Тем не менее, отвечая обвинителям, я говорил довольно долго и, быть может, временами резко, но защищал не сам рассказ, а то не вполне понятное и не очень поддающееся, на мой взгляд, описанию слово (явление, понятие), которое именуется «секс». Кстати, к понятию «любовь» у меня такое же отношение. И вообще, к весьма многим словам и понятиям. Что может говорить как о моей собственной непонятливости и непросвещённости, так, возможно, и о том, что ваш покорный и многоречивый слуга не считает окружающий мир и его обитателей такими уж простыми и незамысловатыми, а напротив, бесконечно сложными и потому вполне допускает двойственное и противоречивое, или амбивалентное, как сказали бы мы с уже упоминавшимся швейцарским учёным Блейлером, отношение ко всем явлениям этого мира.

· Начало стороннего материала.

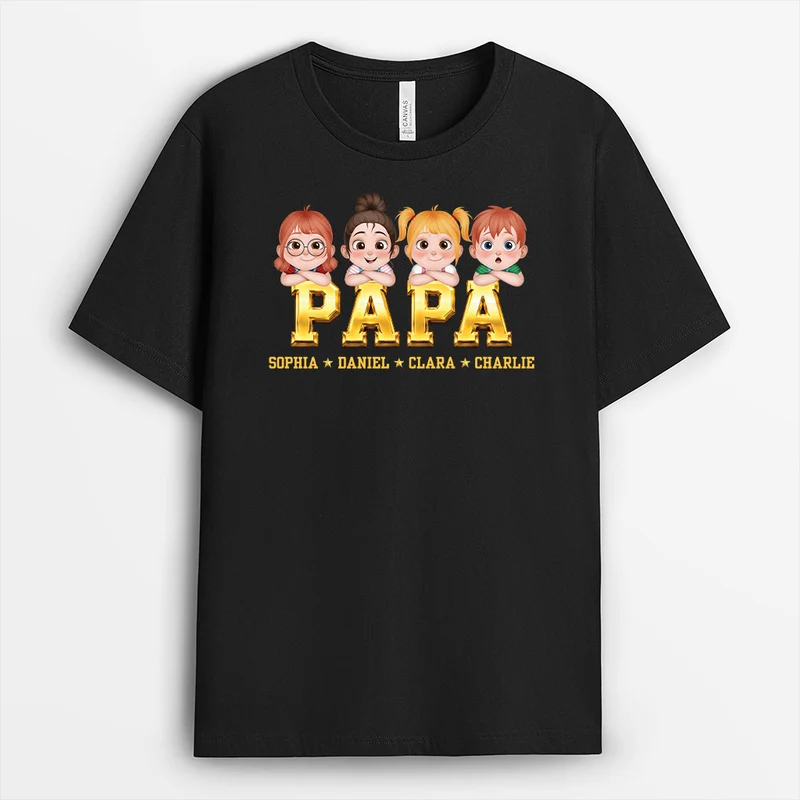 [3D-Optik] Papa Opa Cartoon - Personalisiertes Geschenk | Shirt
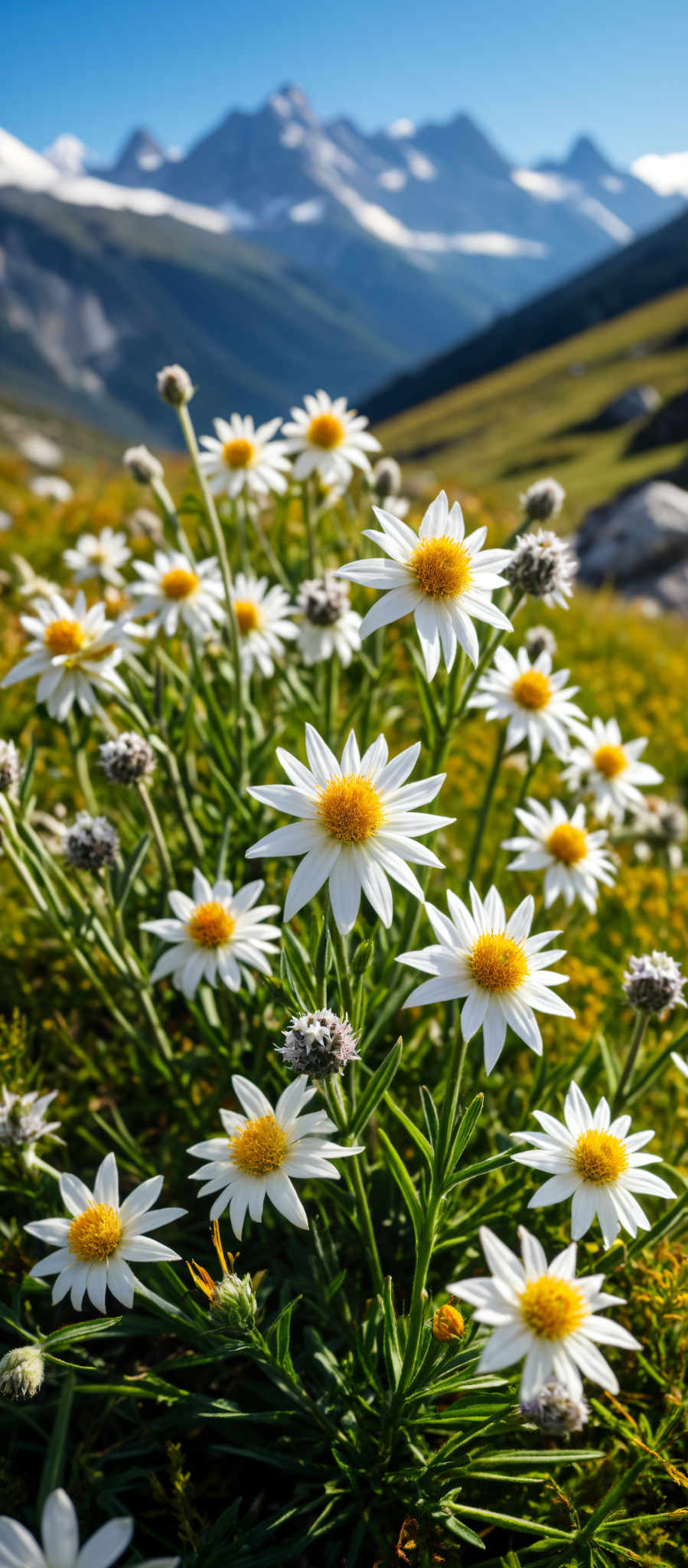 A field of daisies with yellow centers and white petals.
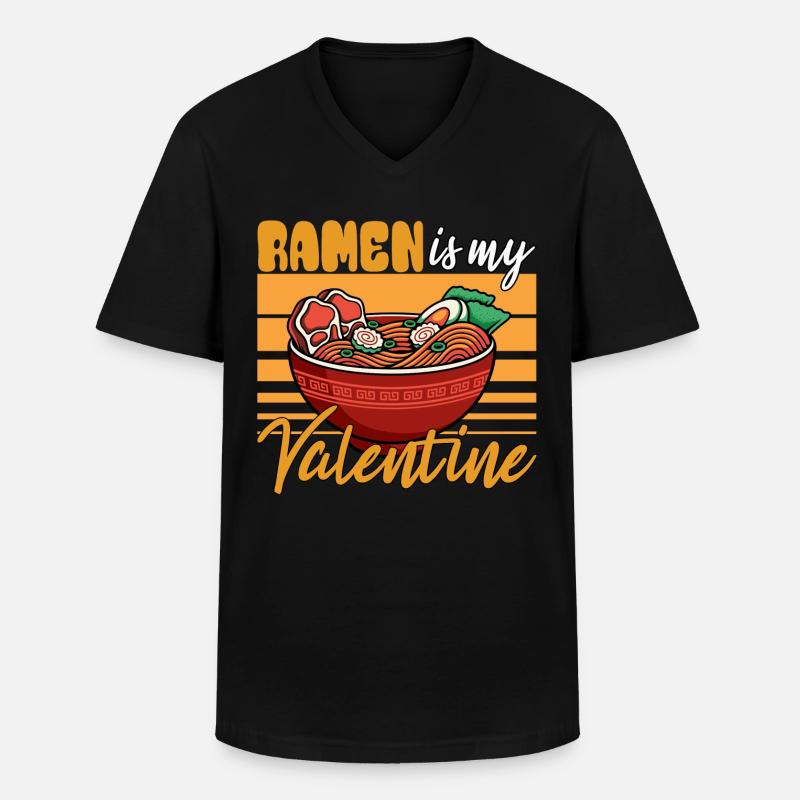 ramen is my valentine - Männer-T-Shirt mit V-Ausschnitt - Schwarz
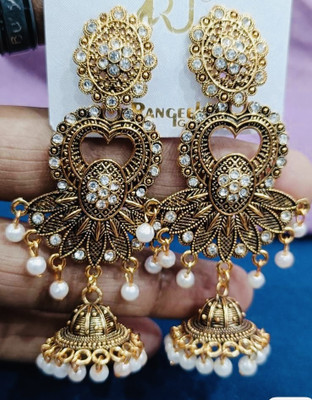 SAKETHAM Golden Luv Alloy Jhumki Earring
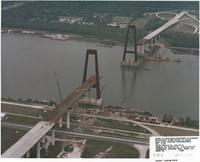 Aerial view of the construction of the Mississippi River Bridge at Luling in St. Charles Parish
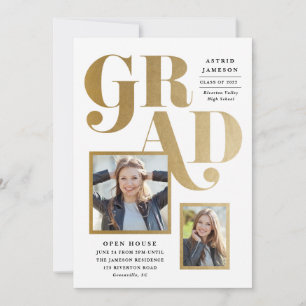 Multi photo graduation invitation
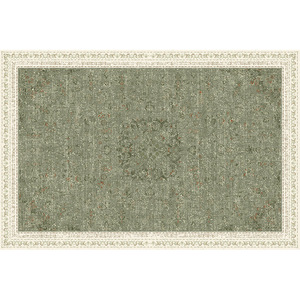 Alfombra retro verde estilo francés, rectangular, lavable, impermeable, antideslizante, para sala de estar, dormitorio, sofá - Product Image 3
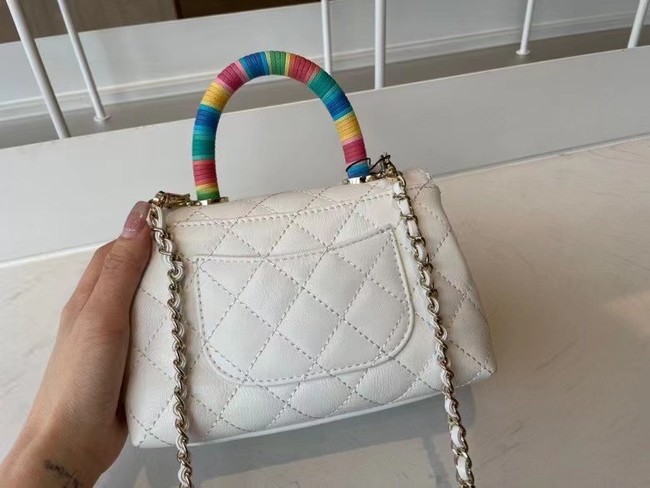 chanel mini flap bag with top handle AS2215 white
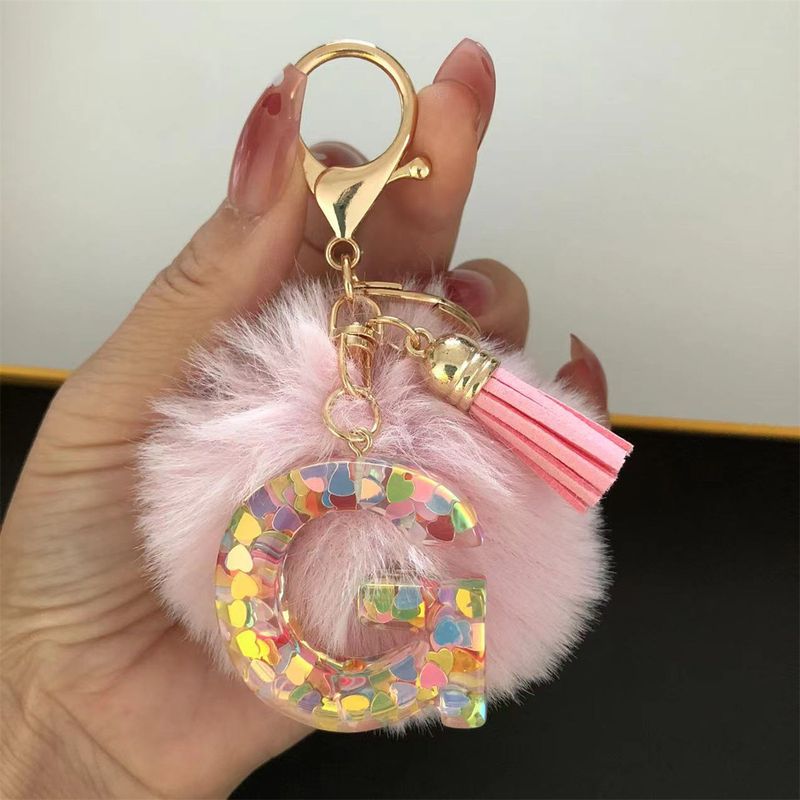 Beliebte Haar Ball Harz Englisch Anhänger Bunte Tropf Kleber Liebe Brief Schlüsselanhänger_voghion.com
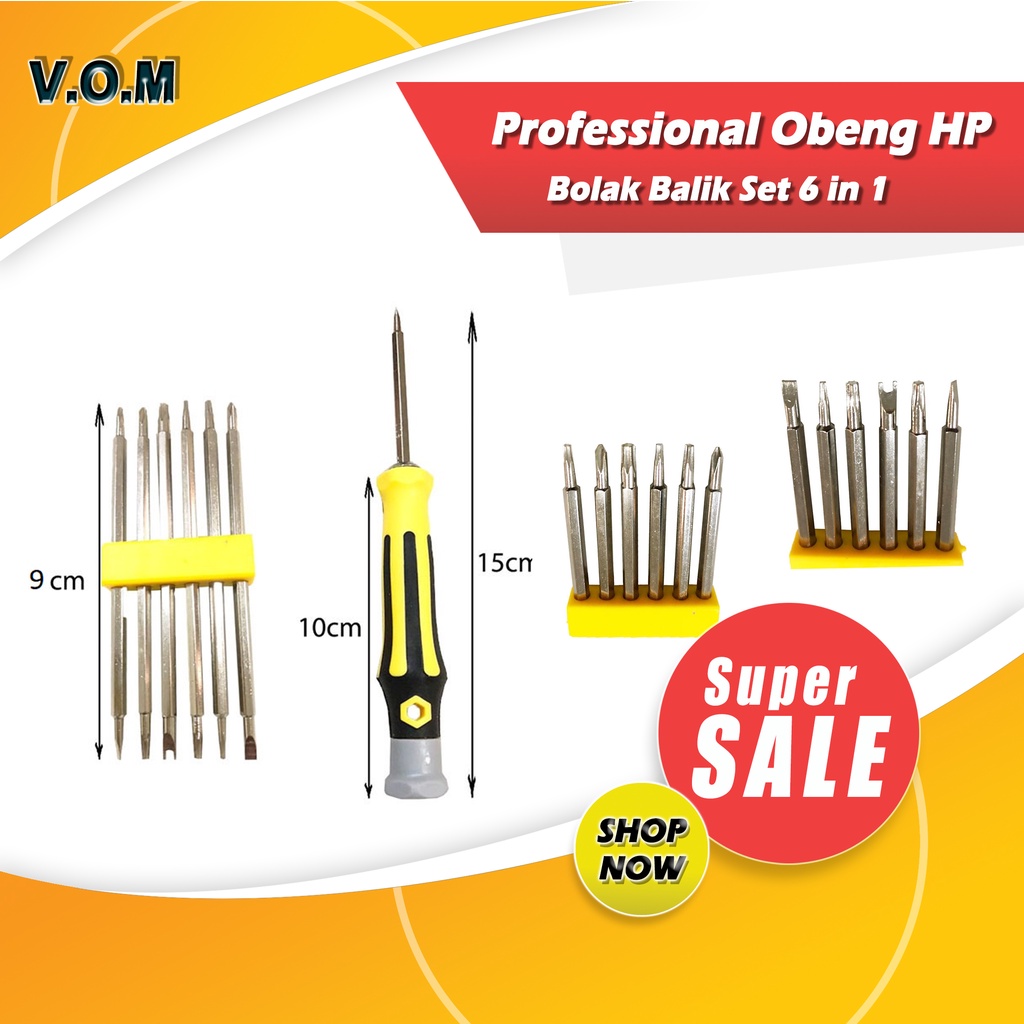 Professional Obeng HP Bolak Balik Set 6 in 1 Best Quality 0739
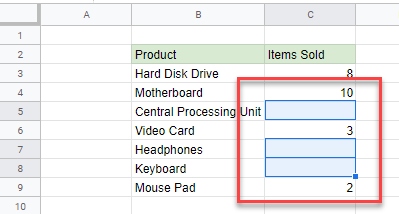 highlight blank gs select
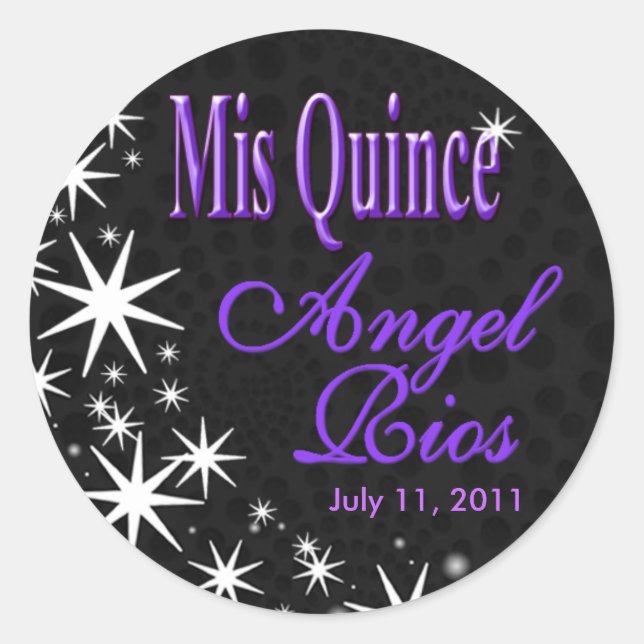 Sticker Rond Parti "Black Stars Quinceañera" (noir/lilas) (Devant)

Откровенно говоря, я уже не очень хорошо помню, чтО именно говорил тогда, отвечая этим милым женщинам пуританско-советского толка, а что напридумывал потом, восстанавливая в памяти далёкие события, но точно знаю, что не преминул сыронизировать по поводу тогдашних заявлений некоторых наших сограждан и согражданок по радио и телевидению о том, что «секса у нас в стране нет»; а в своё оправдание, и чтобы немного пристыдить разгорячившихся дам, сказал, что около ста лет назад небезызвестного автора «Тома Сойера» тоже активно осуждали некоторые читатели за то, что он позволил Тому поцеловать свою однокашницу Бекки Тетчер. И ещё я привёл тогда достаточно убедительный, как мне казалось, пример из собственной подростковой жизни, рассказав, как в пятом или шестом классе стоял в очереди за книгой, которую один мальчишка принёс в класс, вытащив из книжного шкафа у своих родителей. Она называлась не «Айвенго» и не «Корабль натуралистов», а «За закрытой дверью», и написана была не Вальтером Скоттом и не Верисгофером, а врачом-венерологом Фридляндом, и в ней рассказывалось многое из того, что волновало детские умы, но пользы от неё было для нас не больше, чем от порнографических картинок, которые приносил другой мальчишка и за которой тоже стояла очередь. (Так что секс у нас был, и даже в совсем невинном возрасте.)